That job creation per se might no longer be the Holy Grail doesn't quite register with politicians or public, particularly when various surveys indicate more Australians are feeling nervous about holding their current job as the scare campaigns work.
The case for a change of priorities has been put by Ross Gittins in one of his columns:
“We're returning to a '60s-style economy in which the demand for labour exceeds the supply, and all our now deeply ingrained thinking about a perpetual shortage of jobs is no longer correct and needs to be abandoned.
“When, for all practical purposes, pretty much everyone who wants a job already has one, it is no longer true that a project that will create 200 jobs will increase total employment by 200. Rather, the workers who fill those jobs will have to be attracted from their existing jobs, and it may well be necessary to bid up wages to attract them.
“Certainly, it no longer follows that saying a new project will create jobs means governments should applaud it and subsidise it. Nor does it follow that saying a particular industry will have to shed many jobs because it has struck difficulties of some sort obviously obliges governments to step in with subsidies to protect those jobs. Most of the workers involved shouldn't have much trouble picking up jobs elsewhere.”
The reality is that the resources industry already can't fill the potential jobs it has. There is no drama about Prelude being entirely built in South Korea because we simply couldn't build it here.
There was a quote from the former BHP CEO, Chip Goodyear, during the first leg of this commodities boom along the lines that launching a big new project in Western Australia just meant you increased labor costs by 10 per cent.

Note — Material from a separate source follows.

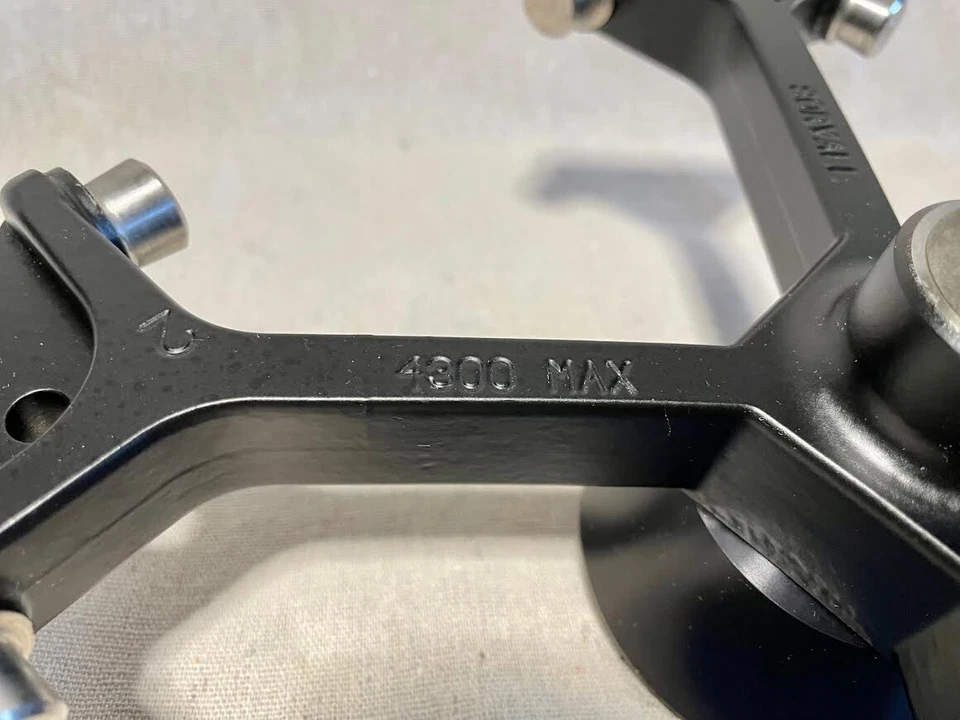 Rotor Swing Out Sorvall ST-H750 | Sem baldes - Imagem 3 de 4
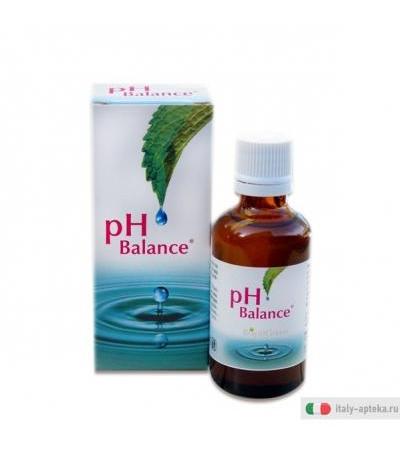 PH Balance 50ml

It's going that way again.
It's different for the East Timorese who very much want Sunrise exploited onshore with any and all the employment that it might bring. Joint venture partners Shell and Woodside want to go with another floating platform. Unlike Australia, East Timor has unlimited unemployment – it certainly isn't a poor little rich country suffering the problems of success.
Michael Pascoe is a BusinessDay contributing editor.